Your target is <2ms. Name two hardware causes and two software causes, and for each, the
diagnostic command or change you would try.
Answer
**Hardware causes:**
1. **CPU not locked at max frequency.** The cpufreq governor scaled down core 3 after the first
measurement. The SPI transfer starts slowly while the PLL ramps.
Diagnostic: `cat /sys/devices/system/cpu/cpu3/cpufreq/scaling_cur_freq` — should match
`cpuinfo_max_freq`. Fix: re-run `sudo jetson_clocks` and keep it running as a service.
2. **SPI clock rate too low.** At low SPI clock (1MHz), 130 bytes takes 1.04ms + interrupt
overhead. Raising to 10MHz drops transfer time to 104µs.
Diagnostic: Check `spi_ioc_transfer.speed_hz` in your code. Test with `spidev_test -D
/dev/spidev0.0 -s 10000000 -p "DEADBEEF..."`.
**Software causes:**
3. **Thread not pinned to isolated core.** Without `pthread_setaffinity_np` + `SCHED_FIFO`,
the ioctl call may migrate to a busy core mid-execution.
Diagnostic: `ps -eLo pid,psr,cls,pri,cmd | grep your_process` — PSR shows current core.
Fix: call `set_cpu_affinity(3)` and `set_sched_fifo(90)` before the main loop.
4. **Measurement includes Python/ctypes overhead.** If you're measuring with Python `time.perf_counter()`
around `fcntl.ioctl()`, Python's global interpreter lock (GIL) adds unpredictable overhead.
Fix: measure from C using `clock_gettime(CLOCK_MONOTONIC_RAW)` immediately before and after
the ioctl syscall — inside the same C function, not from Python.
Section B — Practical / Debug Scenarios
B1. spidev_test -D /dev/spidev0.0 -p "DEADBEEF" returns data but it is all zeros, not the
loopback echo you expected. The MISO and MOSI pins are confirmed connected with a jumper wire.
What is the most likely cause?
Answer
**SPI mode mismatch (CPOL/CPHA).** The default `spidev_test` uses SPI mode 0 (CPOL=0, CPHA=0).
If the jumper wire loopback is working correctly (MISO=MOSI), you should get an echo. All-zeros
suggests data is not being sampled at the right clock edge.
Secondary possibility: **the `D/R` receive-enable pin on the SN65HVD230 transceiver** (if the
transceiver is in the signal path — but for a bare loopback with jumper, this doesn't apply).

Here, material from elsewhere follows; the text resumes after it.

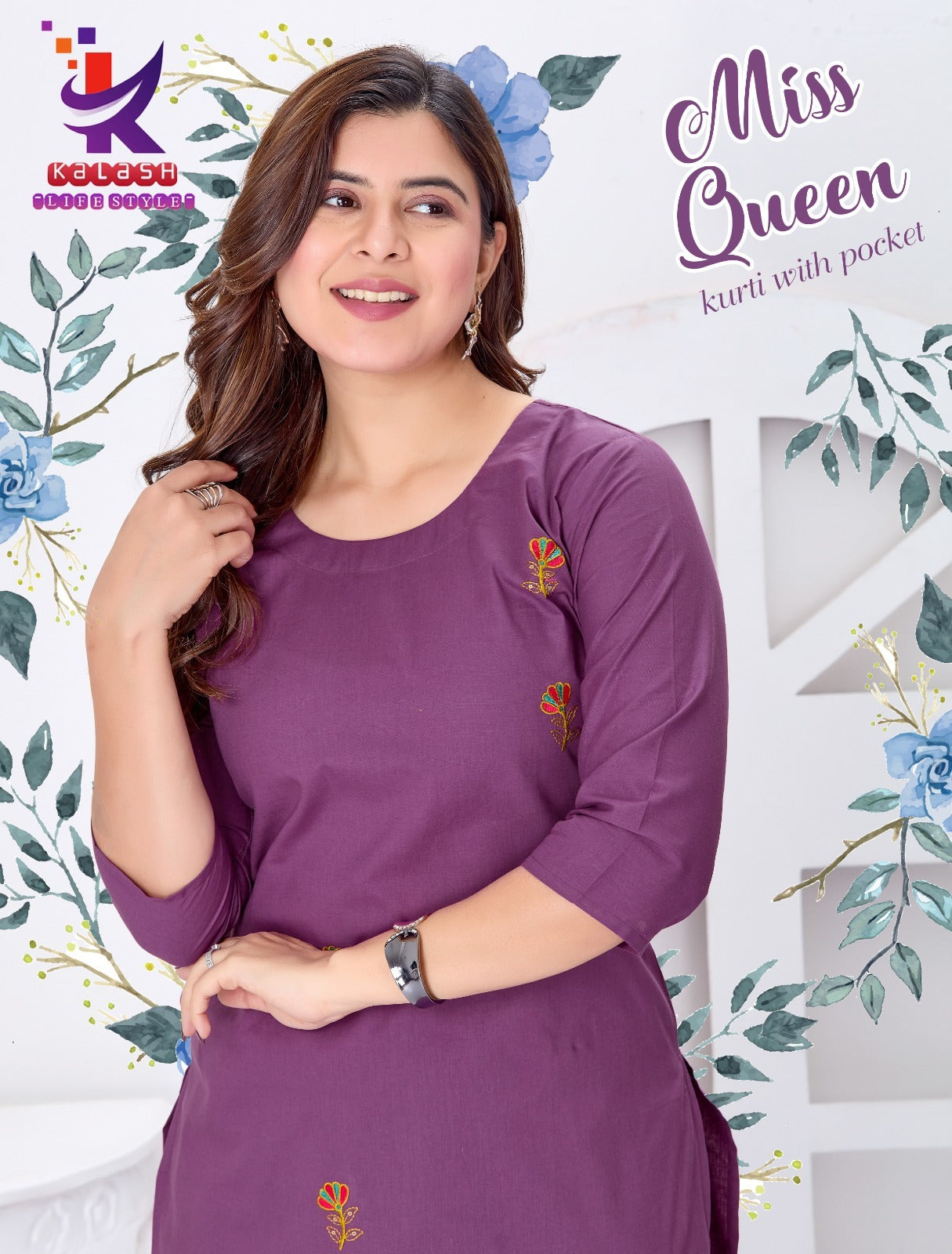Miss Queen Mlm Kalash Lifestyle Cotton Kurti Plazzo Set Manufacturer Ahmedabad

For pure loopback test (no STM32 connected):
# Force mode 0, speed 1MHz, explicit loopback
spidev_test -D /dev/spidev0.0 -s 1000000 -p "HELLO" -v
If still all zeros: check `dmesg | grep spi` for `spi_imx: unhandled interrupt` or FIFO errors.

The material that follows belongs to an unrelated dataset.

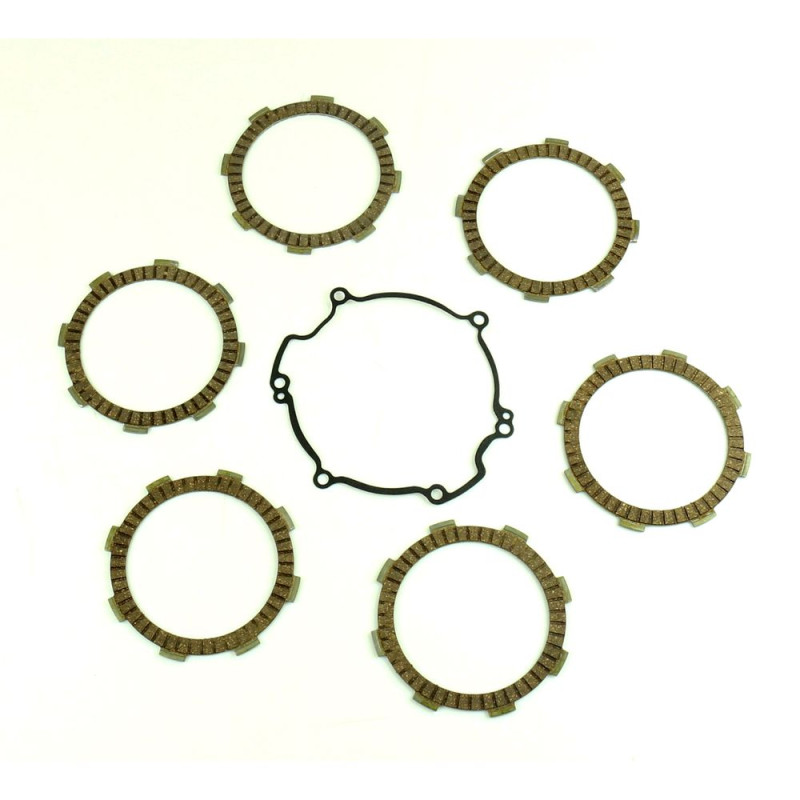 ATHENA Clutch Friction Plate Kit + cover gasket for KAWASAKI KX 80, KX 85, KX 100 and SUZUKI RM 100 1998-2022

If there are no errors: the spidev device was opened but the pinmux is still not applied —
`/dev/spidev0.0` exists but the pins are routing to GPIO, not SPI hardware. Repeat `jetson-io.py`
and reboot.
B2. cyclictest is running on core 3 with isolcpus=3 set, but Max latency is still 1200 µs
after 60 seconds. dmesg shows no errors. What are three things to check?
Answer
1. **`irqbalance` is still running.** Even after `systemctl disable`, if it was not stopped for
the current session: `systemctl stop irqbalance`. Verify: `ps aux | grep irqbalance`.
2. **A non-RT interrupt is routed to core 3.** Check `/proc/interrupts` — look for any IRQ line
with a non-zero count in the "CPU3" column. Common culprits: SPI1, I2C, ethernet. Migrate
them away with `echo 7 > /proc/irq//smp_affinity` (bitmask for cores 0,1,2 only).
3. **`rcu_nocbs` is not applied.** Verify the kernel was actually booted with the parameter:
`cat /proc/cmdline | grep rcu_nocbs`. If absent, the overlay change in `extlinux.conf` didn't
take effect — check for a syntax error or that the correct `extlinux.conf` was modified (the
Jetson has multiple and uses the one specified by the bootloader chainloading).